Traduction par Abbé Desfontaines Voir et modifier les données sur Wikidata.
Hiard (p. 5-14).
Chap. II.  ►
VOYAGE À LAPUTA.

CHAPITRE PREMIER

L’auteur entreprend un troisième voyage. — Il est pris par des pirates. — Méchanceté d’un Hollandais. — Il arrive à Laputa.

Il n’y avait que deux ans environ que j’étais chez moi, lorsque le capitaine Guill Robinson, de la province de Cornouaille, capitaine de la Bonne-Espérance, vaisseau de trois cents tonneaux, vint me trouver. J’avais été autrefois chirurgien d’un autre vaisseau dont il était capitaine, dans un voyage au Levant, et j’en avais toujours été bien traité. Le capitaine, ayant appris mon arrivée, me rendit une visite où il marqua la joie qu’il avait de me trouver en bonne santé, me demanda si je m’étais fixé pour toujours, et m’apprit qu’il méditait un voyage aux Indes orientales, et comptait partir dans deux mois. Il m’insinua en même temps que je lui ferais grand plaisir de vouloir bien être le chirurgien de son vaisseau ; qu’il aurait un autre chirurgien avec moi et deux garçons ; que j’aurais une double paie ; et qu’ayant éprouvé que la connaissance que j’avais de la mer était au moins égale à la sienne, il s’engageait à se comporter à mon égard comme avec un capitaine en second.

Il me dit enfin tant de choses obligeantes, et me parut un si honnête homme, que je me laissai gagner, ayant d’ailleurs, malgré mes malheurs passés, une plus forte passion que jamais de voyager. La seule difficulté que je prévoyais, c’était d’obtenir le consentement de ma femme, qu’elle me donna pourtant assez volontiers, en vue sans doute des avantages que ses enfans en pourraient retirer.

Nous mîmes à la voile le 5 d’août 1708, et arrivâmes au fort Saint-Georges le 1er avril 1709, où nous restâmes trois semaines pour rafraîchir notre équipage, dont la plus grande partie était malade. De là nous allâmes vers le Tunquin, où notre capitaine résolut de s’arrêter quelque temps, parce que la plus grande partie des marchandises qu’il avait envie d’acheter ne pouvait lui être livrée que dans plusieurs mois. Pour se dédommager un peu des frais de ce retardement, il acheta une barque chargée de différentes sortes de marchandises, dont les Tunquinois font un commerce ordinaire avec les îles voisines ; et, mettant sur ce petit navire quarante hommes, dont il y en avait trois du pays, il m’en fit capitaine, et me donna un pouvoir pour deux mois, tandis qu’il ferait ses affaires au Tunquin.

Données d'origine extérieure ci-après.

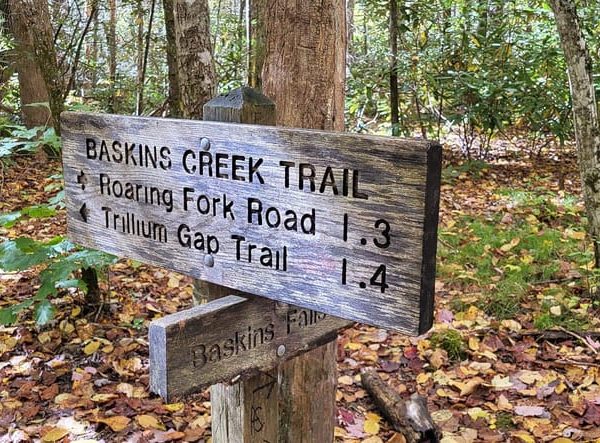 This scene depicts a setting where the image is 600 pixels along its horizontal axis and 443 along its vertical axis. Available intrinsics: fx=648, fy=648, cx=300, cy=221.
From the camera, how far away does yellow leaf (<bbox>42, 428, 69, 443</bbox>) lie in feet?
9.82

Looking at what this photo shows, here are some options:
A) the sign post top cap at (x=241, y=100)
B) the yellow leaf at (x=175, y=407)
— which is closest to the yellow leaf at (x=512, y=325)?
the yellow leaf at (x=175, y=407)

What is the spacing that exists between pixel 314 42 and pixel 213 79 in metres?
1.94

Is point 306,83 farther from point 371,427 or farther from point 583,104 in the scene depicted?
point 583,104

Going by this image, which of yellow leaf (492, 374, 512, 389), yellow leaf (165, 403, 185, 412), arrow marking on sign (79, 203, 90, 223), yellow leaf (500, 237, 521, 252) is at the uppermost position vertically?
arrow marking on sign (79, 203, 90, 223)

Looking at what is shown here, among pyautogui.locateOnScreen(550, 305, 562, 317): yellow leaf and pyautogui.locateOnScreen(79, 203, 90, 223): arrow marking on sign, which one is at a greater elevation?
pyautogui.locateOnScreen(79, 203, 90, 223): arrow marking on sign

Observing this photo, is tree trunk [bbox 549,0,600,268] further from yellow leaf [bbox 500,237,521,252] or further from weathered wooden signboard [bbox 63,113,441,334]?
weathered wooden signboard [bbox 63,113,441,334]

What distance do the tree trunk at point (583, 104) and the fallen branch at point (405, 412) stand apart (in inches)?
79.4

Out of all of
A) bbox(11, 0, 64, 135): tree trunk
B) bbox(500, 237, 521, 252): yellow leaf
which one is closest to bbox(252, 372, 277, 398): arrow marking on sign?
bbox(11, 0, 64, 135): tree trunk

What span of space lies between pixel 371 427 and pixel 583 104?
2.67 m

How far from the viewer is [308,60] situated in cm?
260

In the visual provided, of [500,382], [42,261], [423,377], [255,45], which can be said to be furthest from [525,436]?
[255,45]

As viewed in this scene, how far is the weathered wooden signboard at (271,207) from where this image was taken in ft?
3.95

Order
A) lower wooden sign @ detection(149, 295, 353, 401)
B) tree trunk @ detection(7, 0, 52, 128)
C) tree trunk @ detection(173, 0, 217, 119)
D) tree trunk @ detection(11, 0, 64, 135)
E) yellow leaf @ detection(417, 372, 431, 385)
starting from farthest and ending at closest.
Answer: tree trunk @ detection(7, 0, 52, 128), tree trunk @ detection(11, 0, 64, 135), tree trunk @ detection(173, 0, 217, 119), yellow leaf @ detection(417, 372, 431, 385), lower wooden sign @ detection(149, 295, 353, 401)

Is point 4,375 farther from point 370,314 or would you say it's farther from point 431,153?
point 431,153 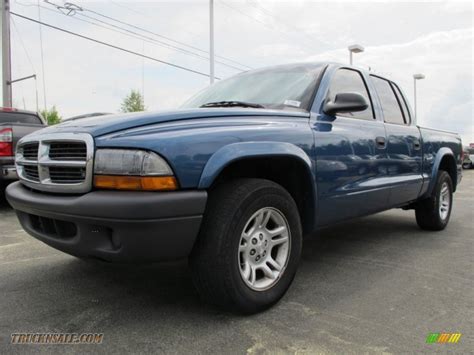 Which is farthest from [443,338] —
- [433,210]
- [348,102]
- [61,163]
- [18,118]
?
[18,118]

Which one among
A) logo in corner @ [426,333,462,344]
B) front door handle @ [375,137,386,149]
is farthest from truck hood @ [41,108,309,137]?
logo in corner @ [426,333,462,344]

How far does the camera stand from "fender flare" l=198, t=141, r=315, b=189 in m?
2.26

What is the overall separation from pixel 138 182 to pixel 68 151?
0.52m

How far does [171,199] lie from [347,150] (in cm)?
170

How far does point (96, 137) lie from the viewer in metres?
2.20

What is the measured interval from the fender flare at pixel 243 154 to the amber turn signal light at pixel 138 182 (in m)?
0.19

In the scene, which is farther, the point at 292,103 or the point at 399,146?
the point at 399,146

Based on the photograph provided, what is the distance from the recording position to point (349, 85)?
3.80 meters

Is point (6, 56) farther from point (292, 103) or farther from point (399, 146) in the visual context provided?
point (399, 146)

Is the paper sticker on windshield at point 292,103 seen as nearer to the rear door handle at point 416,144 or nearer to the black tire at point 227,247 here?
the black tire at point 227,247

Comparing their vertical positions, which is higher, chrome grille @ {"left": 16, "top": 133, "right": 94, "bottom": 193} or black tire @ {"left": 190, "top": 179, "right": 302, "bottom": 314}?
chrome grille @ {"left": 16, "top": 133, "right": 94, "bottom": 193}

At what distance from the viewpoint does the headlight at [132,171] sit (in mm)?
2117

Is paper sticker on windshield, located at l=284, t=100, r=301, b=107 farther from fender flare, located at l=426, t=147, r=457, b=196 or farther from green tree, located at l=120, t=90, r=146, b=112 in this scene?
green tree, located at l=120, t=90, r=146, b=112

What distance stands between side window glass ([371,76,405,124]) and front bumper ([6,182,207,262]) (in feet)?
8.92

Il n’y avait pas trois jours que nous étions en mer qu’une grande tempête s’étant élevée, nous fûmes poussés pendant cinq jours vers le nord-est, et ensuite à l’est. Le temps devint un peu plus calme, mais le vent d’ouest soufflait toujours assez fort. Le dixième jour deux pirates nous donnèrent la chasse, et bientôt nous prirent ; car mon navire était si chargé qu’il allait très-lentement, et qu’il nous fut impossible de faire la manœuvre nécessaire pour nous défendre.

Les deux pirates vinrent à l’abordage, et entrèrent dans notre navire à la tête de leurs gens ; mais, nous trouvant tous couchés sur le ventre, comme je l’avais ordonné, ils se contentèrent de nous lier ; et, nous ayant donné des gardes, ils se mirent à visiter la barque.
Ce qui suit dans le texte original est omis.